→ EXERCISE MATERIAL:
= = = =
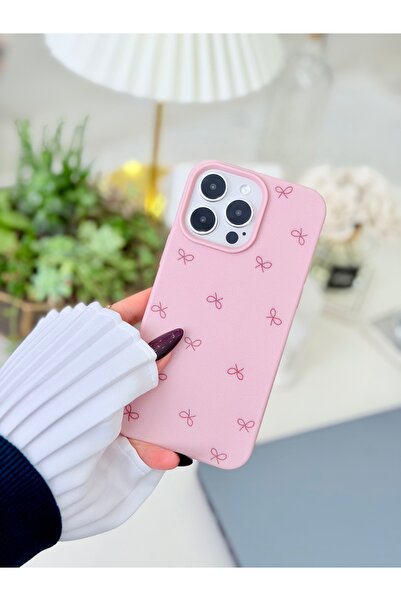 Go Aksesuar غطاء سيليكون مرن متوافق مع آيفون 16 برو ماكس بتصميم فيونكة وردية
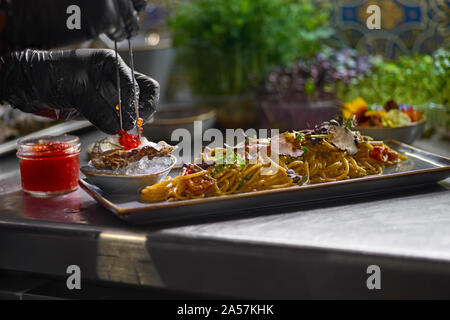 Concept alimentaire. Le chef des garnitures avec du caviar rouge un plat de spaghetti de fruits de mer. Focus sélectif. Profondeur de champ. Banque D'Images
= = = =
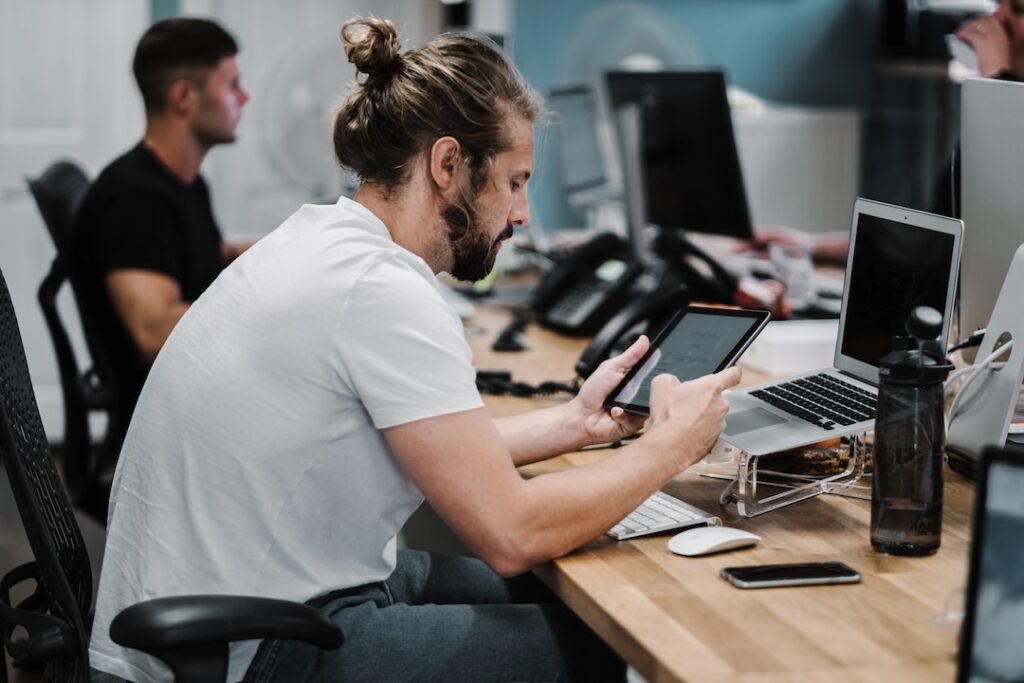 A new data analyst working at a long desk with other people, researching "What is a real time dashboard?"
= = = =
→ REQUIREMENT:
Beginning at the line that has "Go Aksesuar غطاء" and ending at the line that has "Concept alimentaire. Le", restate the listing above word for word, pictures left out.

→ RESPONSE:
 Go Aksesuar غطاء سيليكون مرن متوافق مع آيفون 16 برو ماكس بتصميم فيونكة وردية
 Concept alimentaire. Le chef des garnitures avec du caviar rouge un plat de spaghetti de fruits de mer. Focus sélectif. Profondeur de champ. Banque D'Images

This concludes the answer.